## INPUT MATERIAL
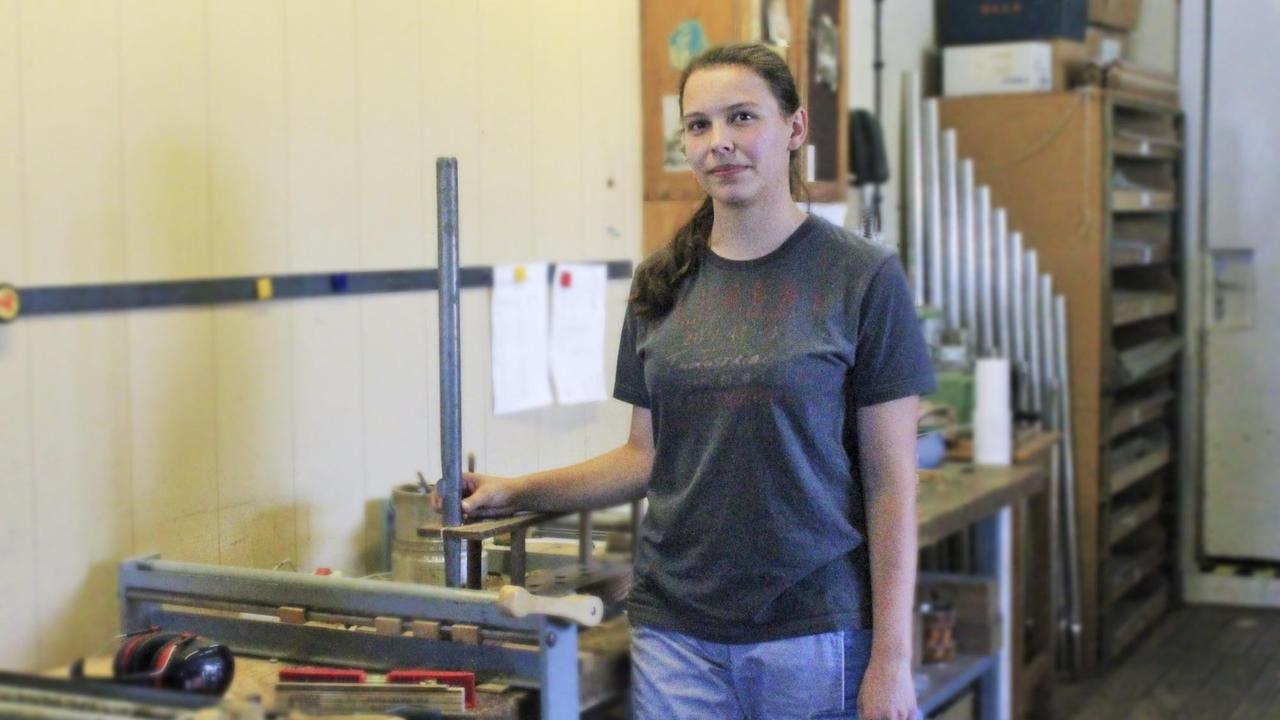 Annegret Pabst, angehende Orgelbauerin, steht in einer Orgelbauwerkstatt.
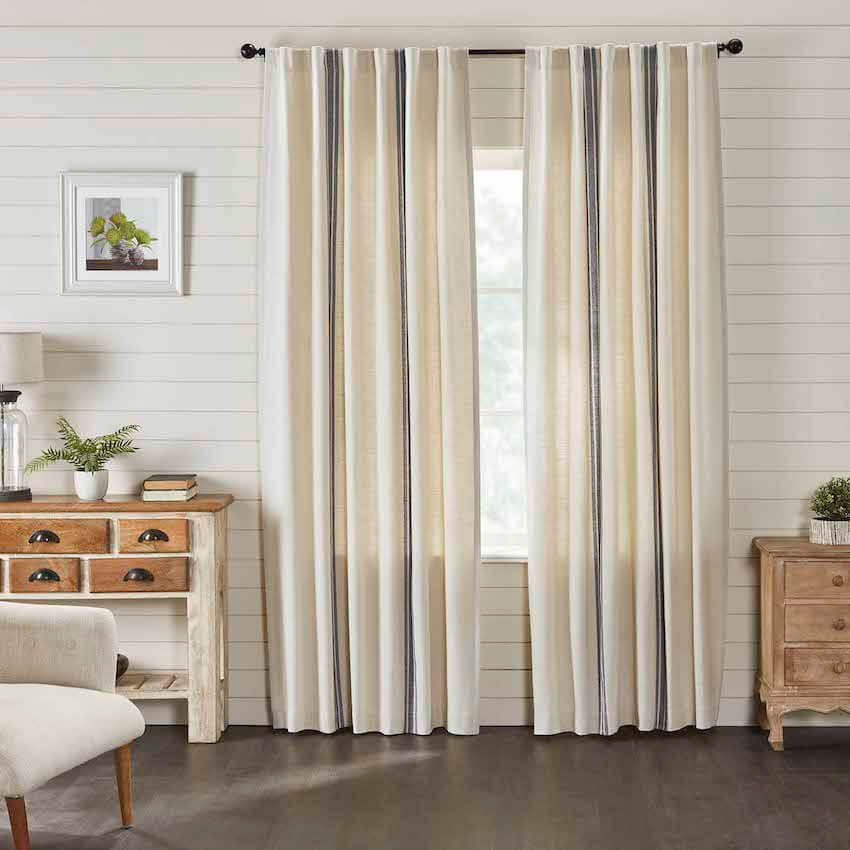 Between two natural wood side tables is a window with cream curtains and thin blue stripes.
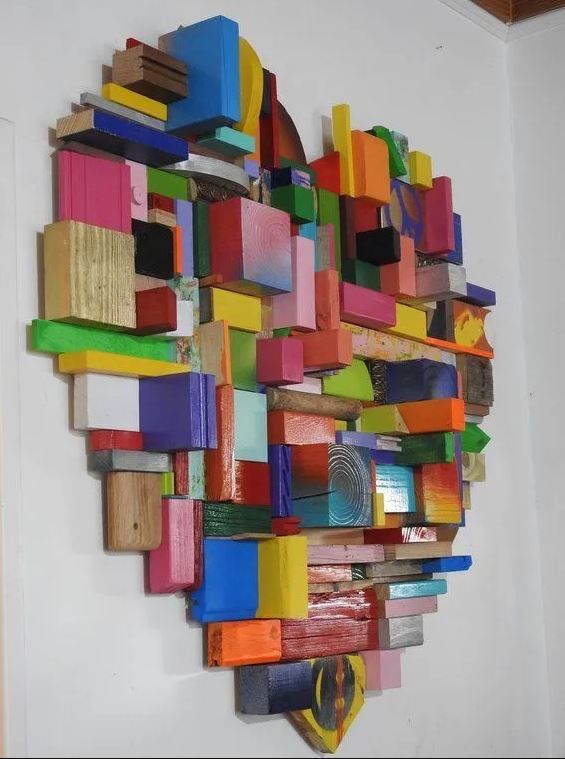 a sculpture made out of different colored objects on a white wall next to a chair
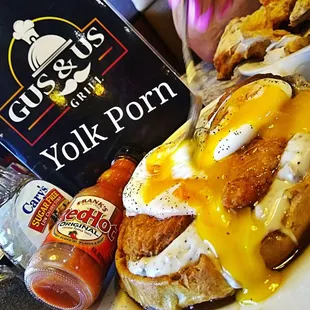 Yolk Porn Poached Eggs on top of Chicken Strips, Country Gravy and Waffle. The Country Waffle Deluxe OMG WOWED
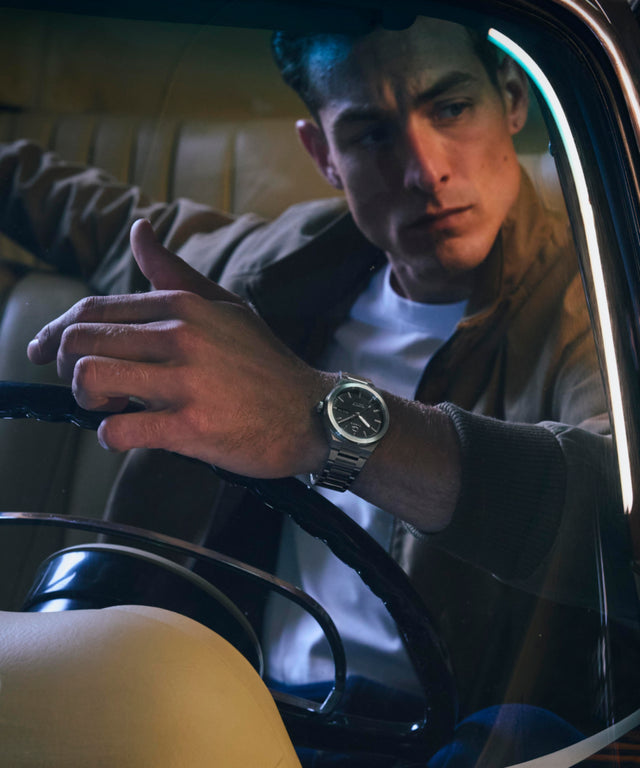 TW2Y25000 Q Timex® Continental Day and Date 39mm Stainless Steel Bracelet Watch Lifestyle 2 Image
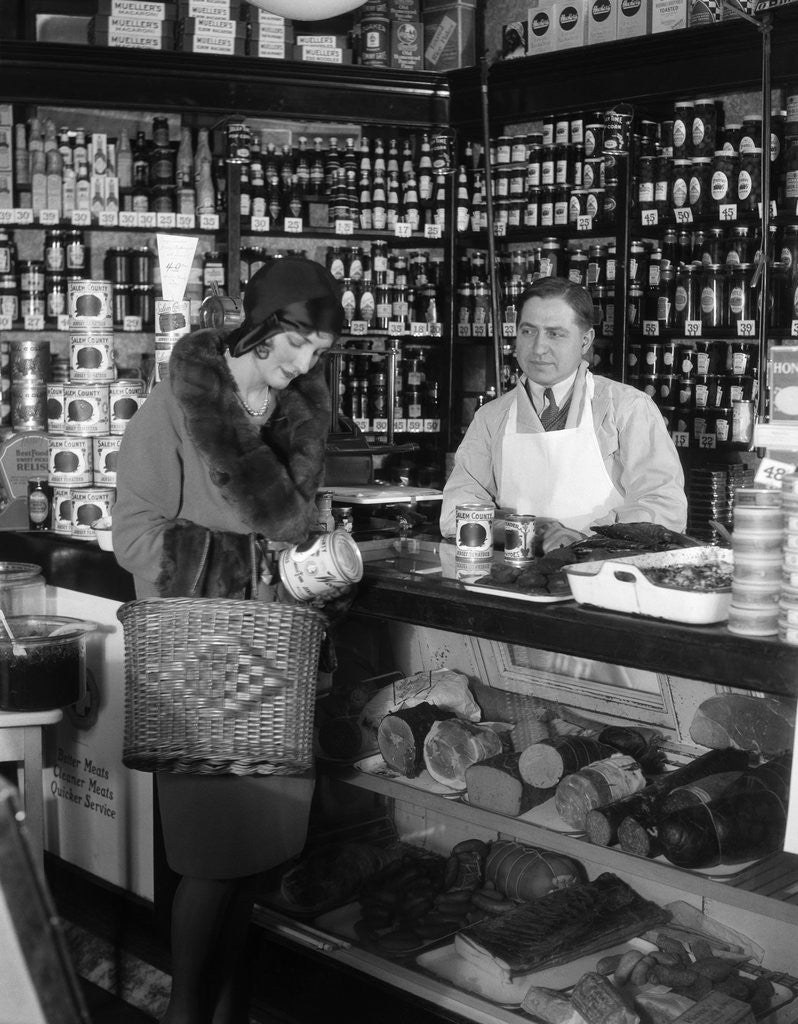 Detail of 1920s Store Clerk Watching Woman Grocery Shopping Reading Label On Canned Goods by Corbis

## ACTIVITY
Reproduce the entire listing exactly, except for any pictures it contains.

## OUTPUT
 Annegret Pabst, angehende Orgelbauerin, steht in einer Orgelbauwerkstatt.
 Between two natural wood side tables is a window with cream curtains and thin blue stripes.
 a sculpture made out of different colored objects on a white wall next to a chair
 Yolk Porn Poached Eggs on top of Chicken Strips, Country Gravy and Waffle. The Country Waffle Deluxe OMG WOWED
 TW2Y25000 Q Timex® Continental Day and Date 39mm Stainless Steel Bracelet Watch Lifestyle 2 Image
 Detail of 1920s Store Clerk Watching Woman Grocery Shopping Reading Label On Canned Goods by Corbis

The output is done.